• Task instructions:
In the answer, each entry below appears exactly as given, and no picture appears at all.

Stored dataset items
_ _ _

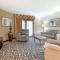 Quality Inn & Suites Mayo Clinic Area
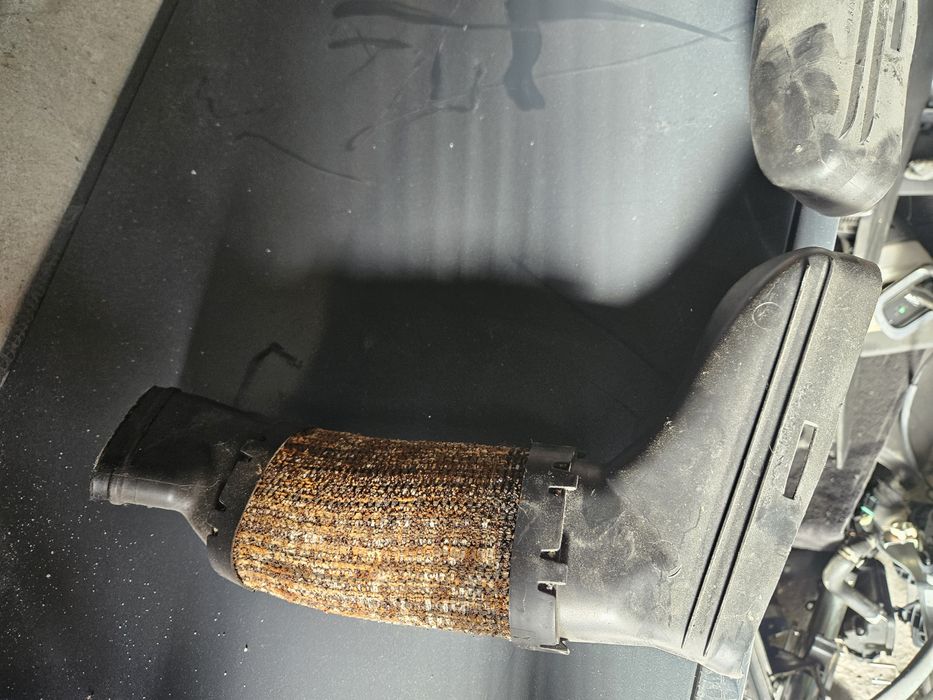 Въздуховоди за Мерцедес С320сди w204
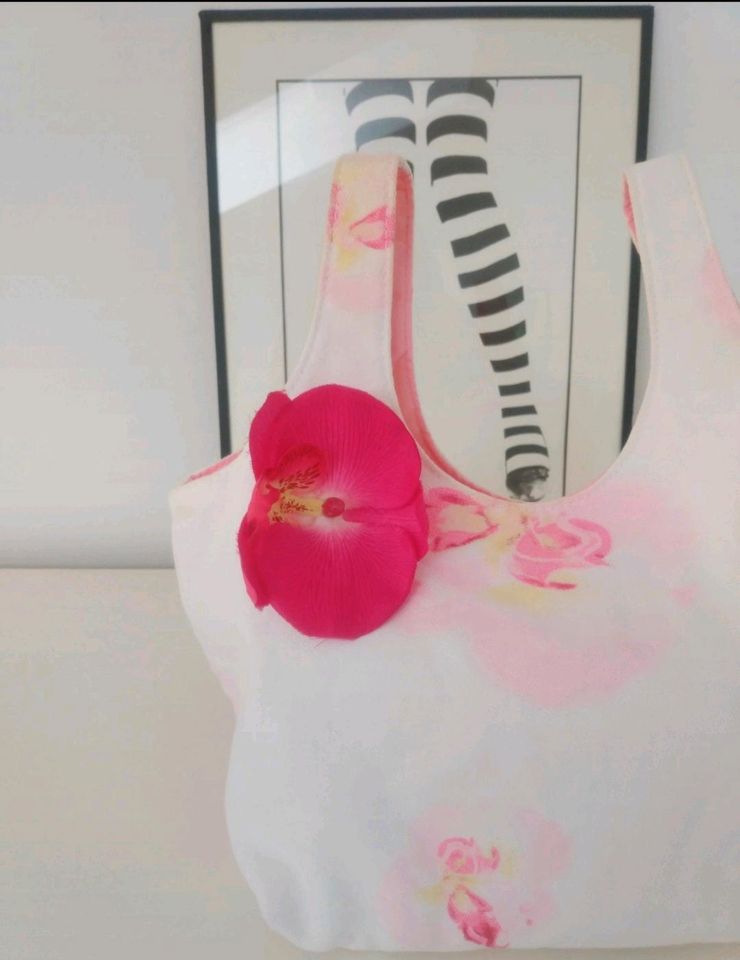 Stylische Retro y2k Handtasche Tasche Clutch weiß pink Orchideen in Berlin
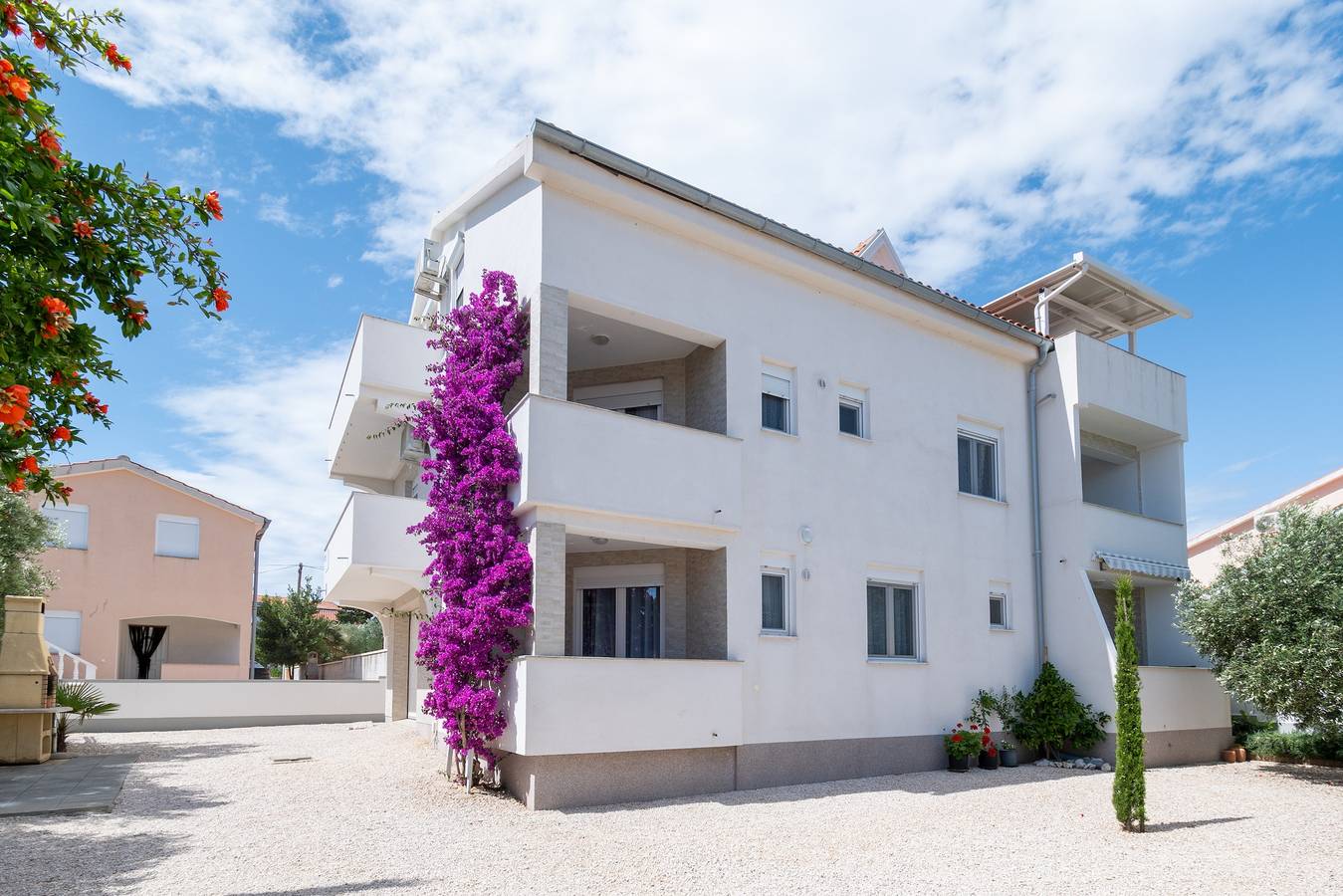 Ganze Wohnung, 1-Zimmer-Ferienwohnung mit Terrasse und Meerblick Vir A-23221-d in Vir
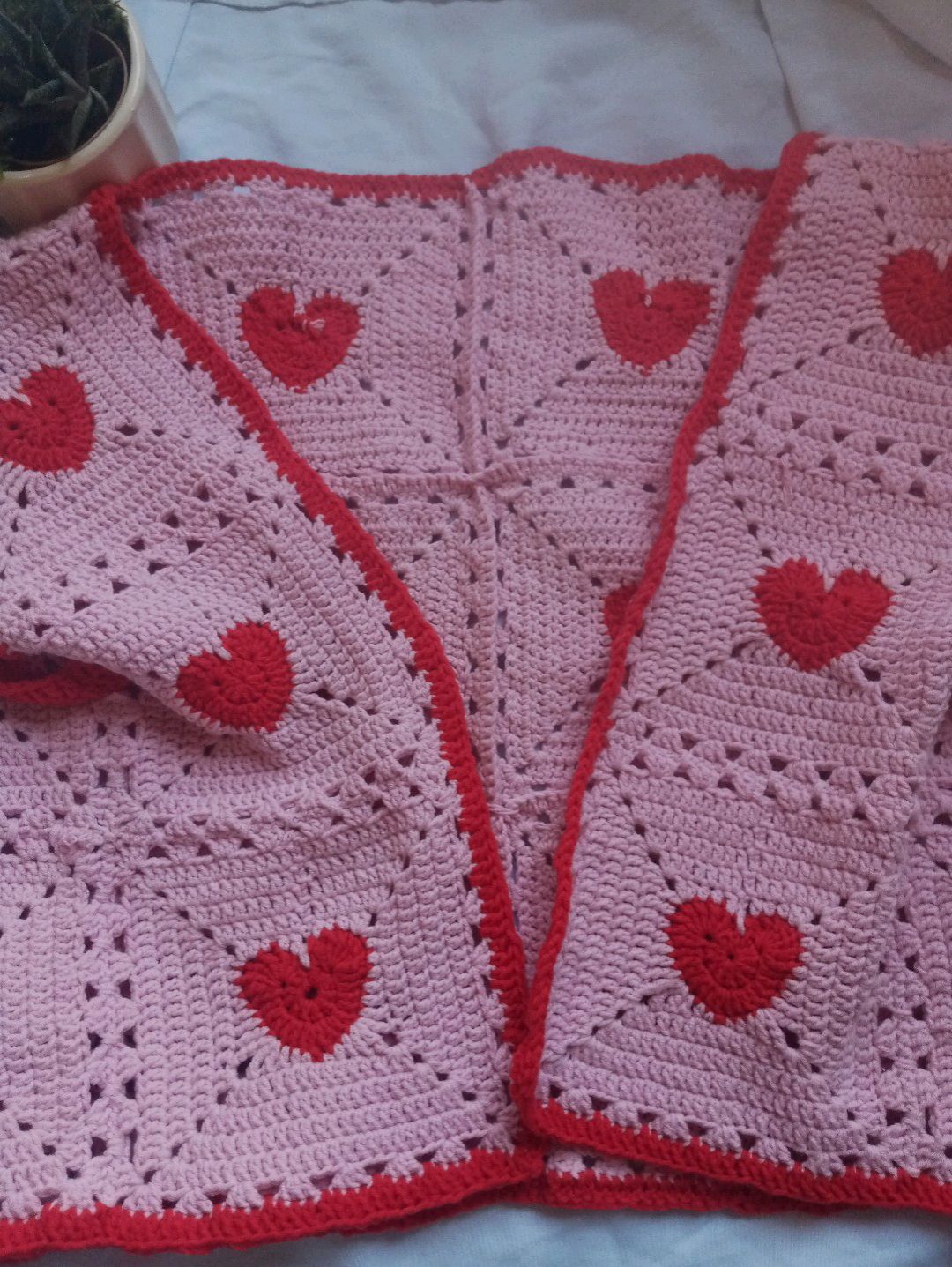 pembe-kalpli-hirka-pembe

_ _ _

• Written solution:
 Quality Inn & Suites Mayo Clinic Area
 Въздуховоди за Мерцедес С320сди w204
 Stylische Retro y2k Handtasche Tasche Clutch weiß pink Orchideen in Berlin
 Ganze Wohnung, 1-Zimmer-Ferienwohnung mit Terrasse und Meerblick Vir A-23221-d in Vir
 pembe-kalpli-hirka-pembe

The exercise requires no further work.